Ključne besede: koeficient alfa, notranja skladnost, zanesljivost

Introduction

Coefficient alpha, usually known as Cronbach alpha, on account of Cronbach’s seminal article in 1951, is probably the most widely used reliability coefficient. The Split-half and Kuder-Richardson KR-20 (1937) approaches are usually mentioned as predecessor methods, while somewhat less credit is given by the literature to the Guttman (1945) series of lower bounds for reliability λ₁...λ₆, which formed the basis for most of the later estimates of reliability. Of those six, the third was λ_3, the most prominent estimate, known as coefficient alpha or just α, as Cronbach (1951) later named it. Coefficient alpha is an estimate of reliability, or more precisely, an estimate of internal consistency, but perhaps it is best explained as an index of internal consistency of the scale. Consistency here means inter-relatedness among the items of the test (Cortina, 1993) or in other words, whether the items are consistent between themselves to a sufficient degree for them to be combined with one another.

Coefficient alpha is grounded in classic test theory (Nunnaly & Bernstein, 1994), which assumes that the observed score is composed of the true score and the measurement error (Y = T + E). Consequently, reliability may be defined as the ratio of true score variance and observed score variance. If we square the correlation between the observed scores and the true scores, we get the coefficient alpha.

Following the theory, it is also assumed that the measurement error is minimized in reliable tests, and the correlation between error and true score is low. A further assumption is that the mean of the error component should be zero, which means that the error scores are random and not correlated among themselves. If that assumption is not met, the coefficient alpha may be over-estimated.

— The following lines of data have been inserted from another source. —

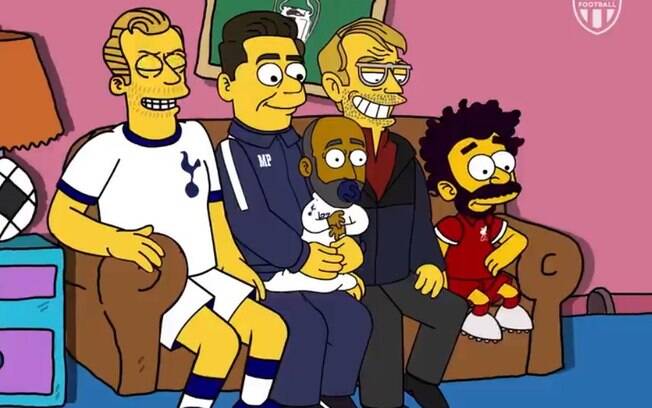 O canal Bleacher Report transformou alguns atletas e até os treinadores em personagens do The Simpsons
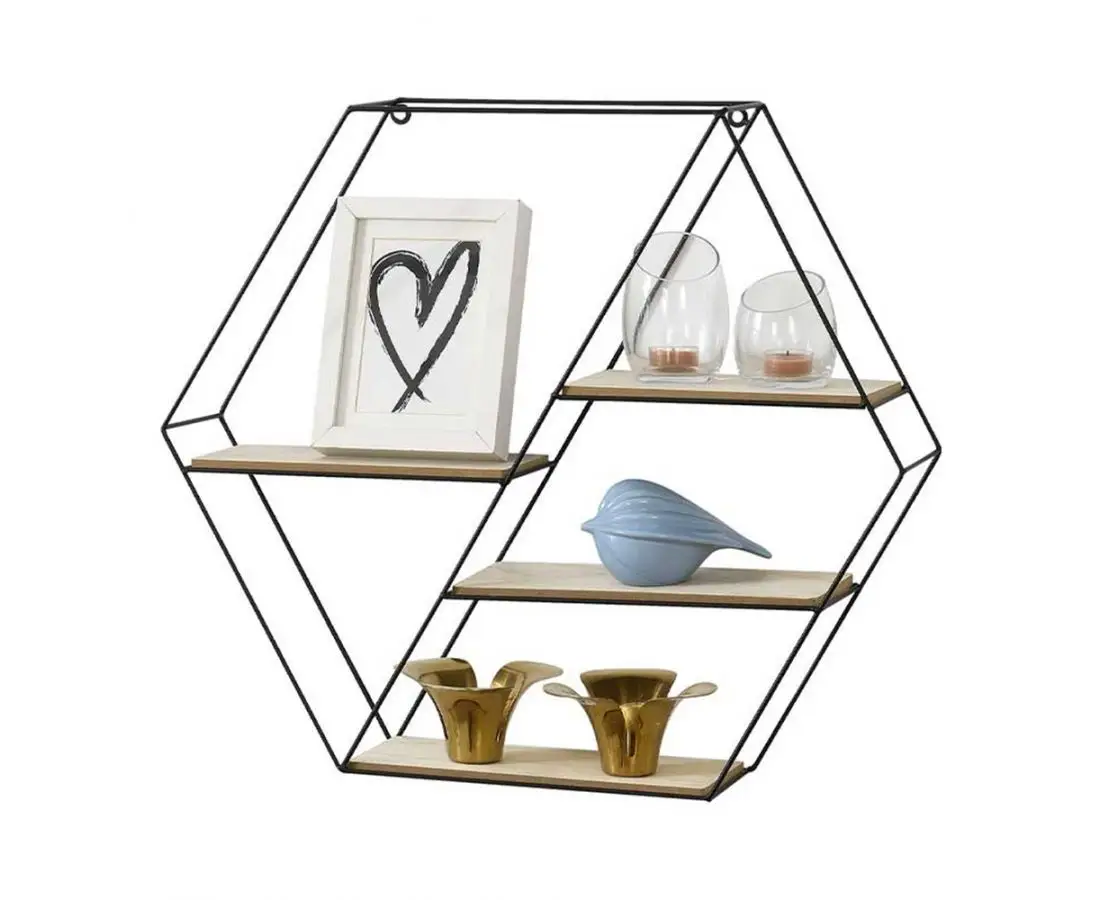 Полка металлическая 4 62*12*53 — фото 1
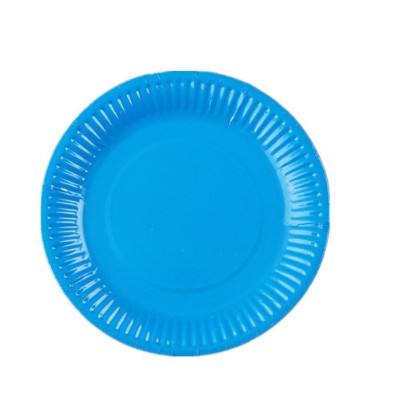 Modré papierové taniere 18cm modré narodeniny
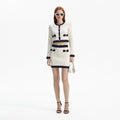 Cream Knit Bow Cardigan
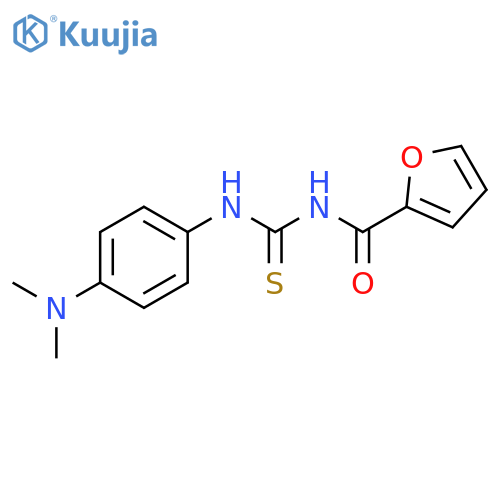2-Furancarboxamide,N-[[[4-(dimethylamino)phenyl]amino]thioxomethyl]- structure
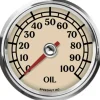 Speedhut 2-5/8" Antique Series 100PSI Oil Pressure Gauge (L25-OP3-ATQ)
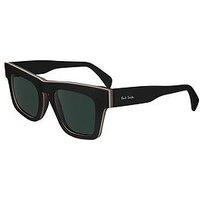 Ps Paul Smith Ps24602S Kramer Acetate Square Sunglasses - Black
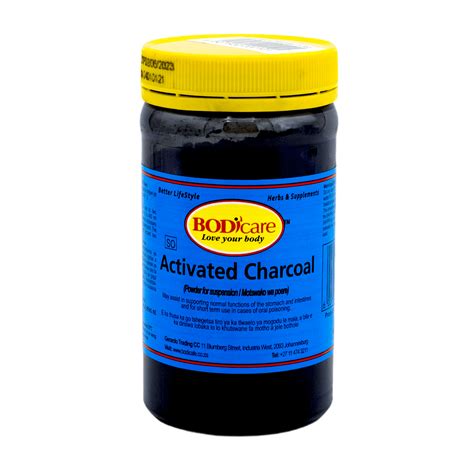 Activated Charcoal 125g Bodicafe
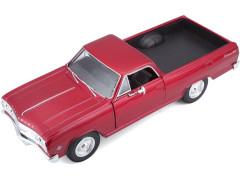 (MA-31977) Maisto Chevrolet El Camino 1965 1:25 červená metalíza (2)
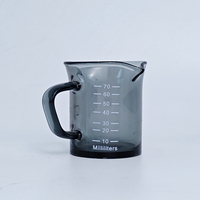 Ensemble de 6 tasses à mesurer en verre 70 ml / 2,37 oz, mini-pichets de couleurs assorties pour la cuisine, la pâtisserie, la préparation de sirops, de sauces, cadeau de cuisine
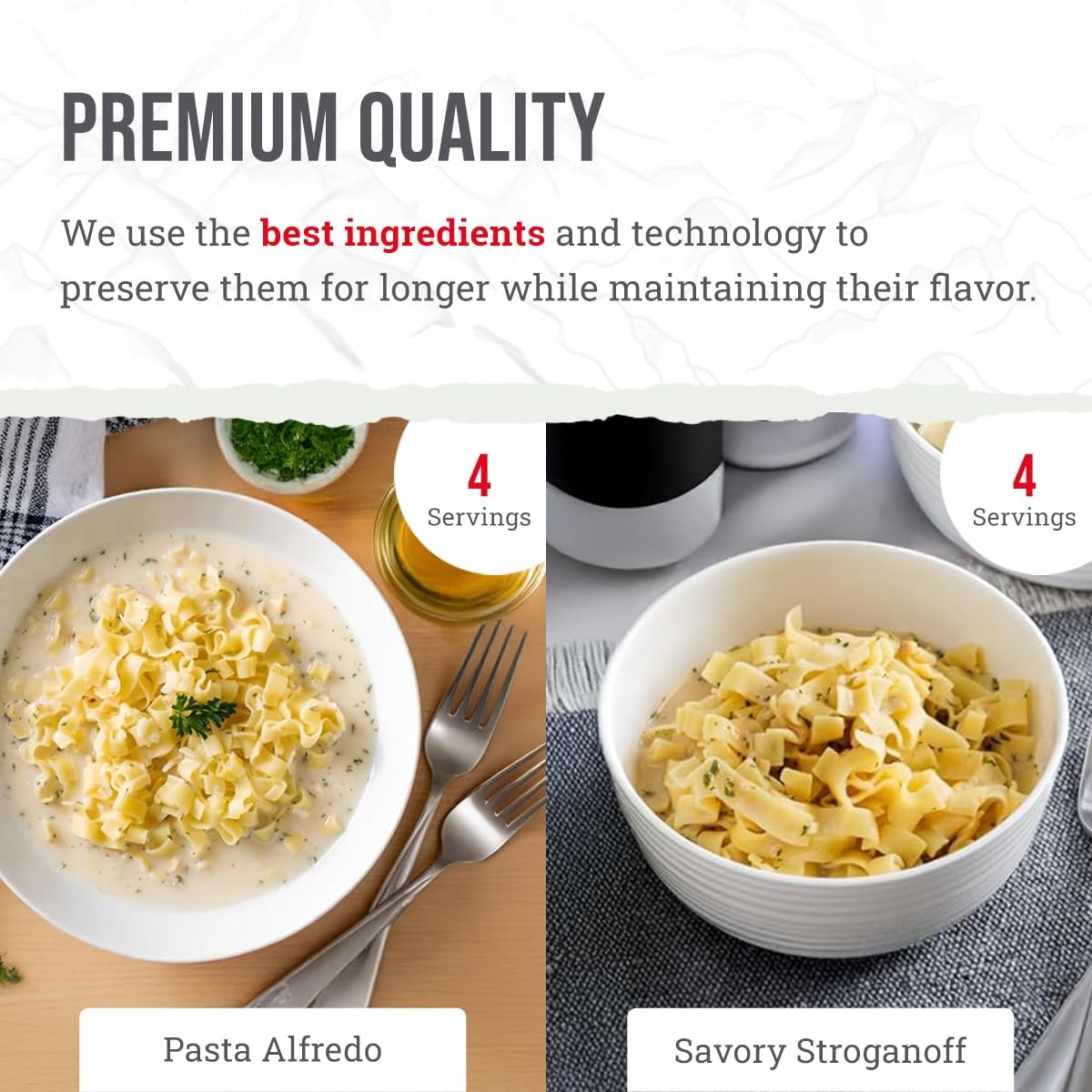 ReadyWise Freeze-Dried Emergency Food Dry Bag - 28 Servings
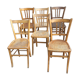 Set de six chaises Bistrot Luterma vintage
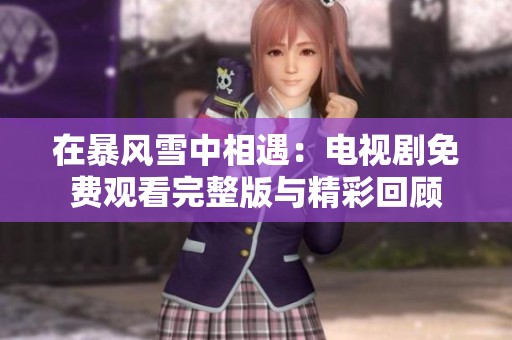 在暴风雪中相遇：电视剧免费观看完整版与精彩回顾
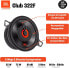 JBL Club 322F 2-Way Car Speaker Set by Harman Kardon - 75 Watt Pro Sound Car Speaker Boxes 87 mm, Black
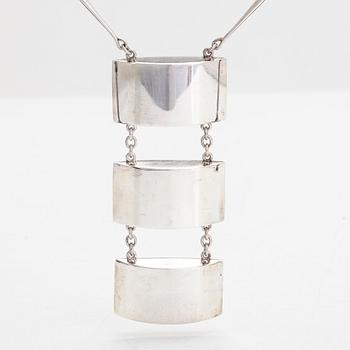 Georg Jensen, a sterling silver necklace, model no. 127, design by Astrid Fog.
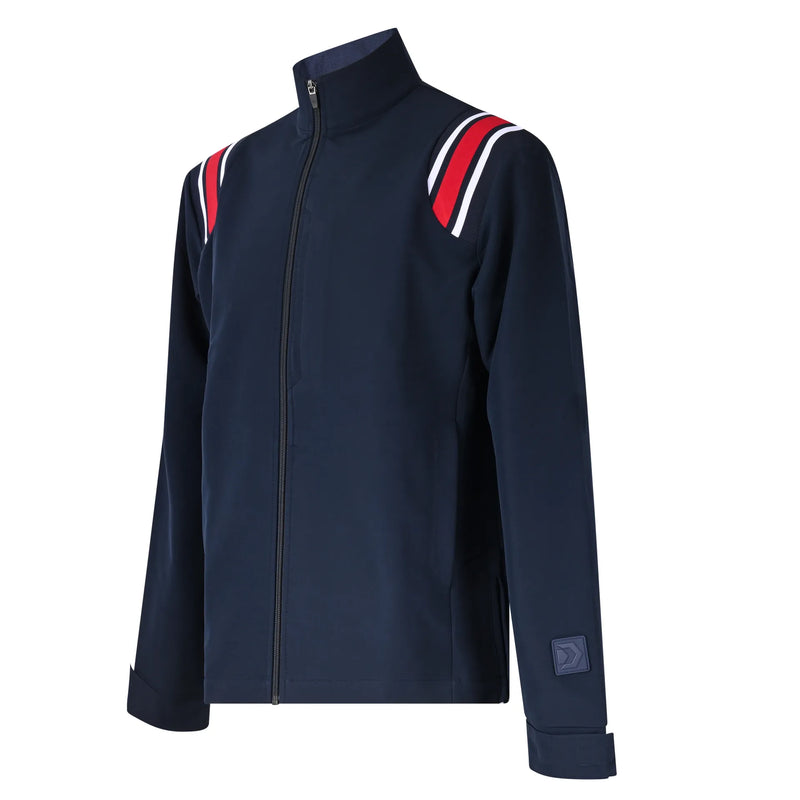 Davis BFX Soft Shell Navy/Red Traditional Jacket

Streiner and Norman (1995) defined reliability as the degree to which

“measurement of individuals on different occasions, or by different observers or by similar or parallel tests, produce the same or similar results” (p. 6). That can add the third source of error, the one associated with the homogeneity of the items of the scale (Streiner, 2003). Tests are said to be homogeneous if they contain items that measure a single trait (Cohen, Swerdlik & Phillips, 1996).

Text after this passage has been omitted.